For $0<x<2\pi$, prove the infinite sum $$S = \sum_{n=1}^\infty \frac{\cos(nx)}{n}$$ converges.
I want to prove it by the same idea given by the text(Arfken mathematical physics).
$$S = \int_{1}^{\infty} f(n)\mathrm{d}x + \int_{1}^{\infty}(n-[n])f'(n)\mathrm{d}x$$ Now, substitute $f(n)$ by the given series then, it is easy to show the first integral converges through some simple calculations. I'm wondering how to check the second integral. $$ S' = \int_{1}^{\infty}(n-[n])(-\frac{x}{n}\sin (nx) - \frac{cos(nx)}{n^2} )\mathrm{d}n$$ The text says "we note that its term $\cos(nx) / n^2$ also leads to a convergent integral". I don't understand why it works.
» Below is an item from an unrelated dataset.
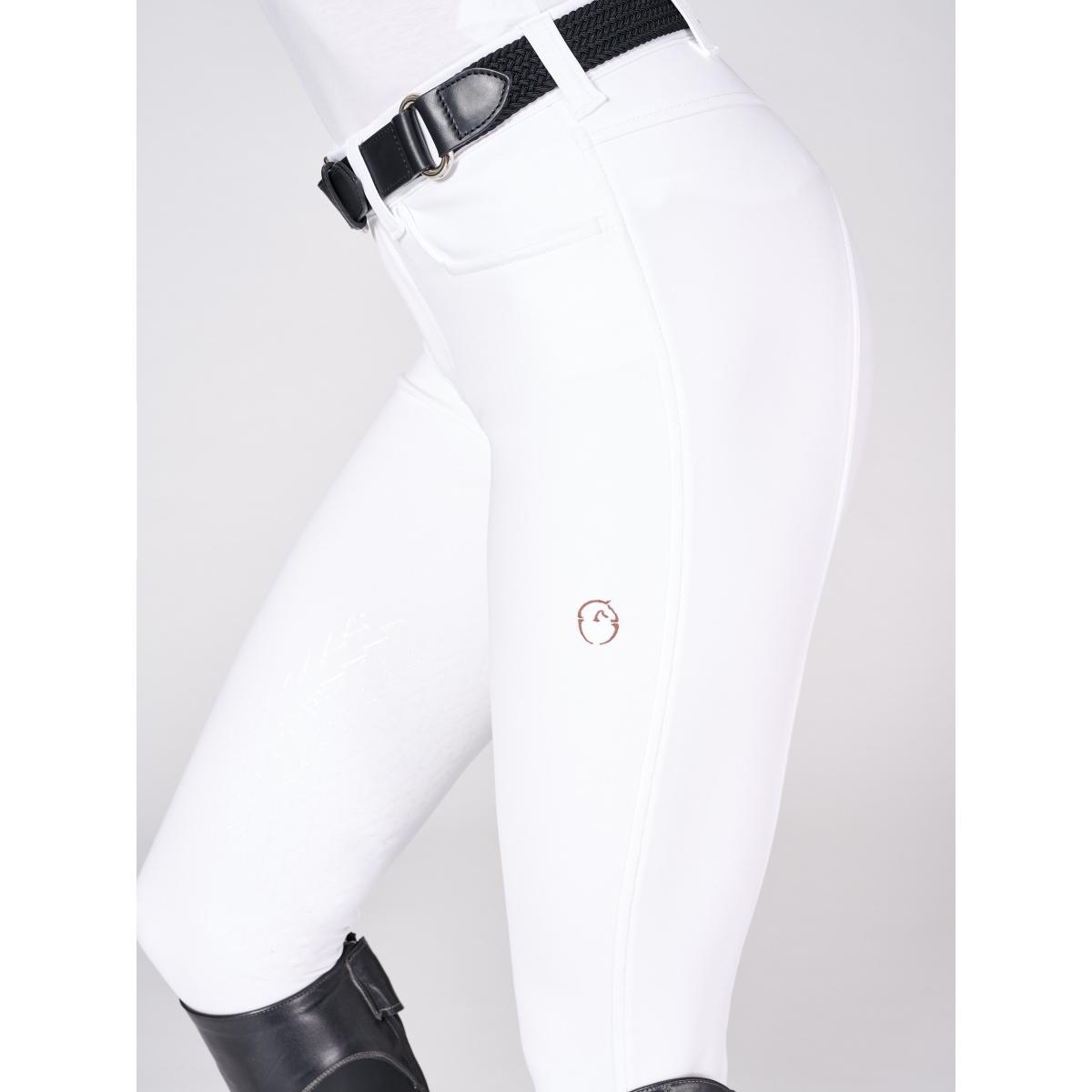 product/v/e/vestrum_cc_v__w1003_65002___00010_5.jpg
It seems to ignore the $(n-[n])$ term which is in the integral.
Moreover, it says that "setting $(n-[n])\sin(nx)= g'(n)$, we write $$\int_{1}^{\infty}(n-[n]) \frac{\sin(nx)}{n} \mathrm{d}n = [\frac{g(n)}{n}]_{n=1}^{\infty}+ \int_{1}^{\infty}\frac{g(n)}{n^2}\mathrm{d}n$$ We do not have an explicit expression for $g(n)$, but we do know that it is bounded because $\sin x$ oscillates with a period incommensurate with that of the sawtooth periodicity of $(n-[n])$. " Is there any condition for a function to be derivative function? I guess that there are some more conditions for being derivative function such as Darboux's thm. It is odd to me to set $g'(n)$ without considering these derivative conditions. Even if the setting is logically safe, how we can verify the integral converges? I don't know how to deal with $\lim_{n \rightarrow \infty}\frac{g(n)}{n}$ and $\int_{1}^{\infty}\frac{g(n)}{n^2}\mathrm{d}n$.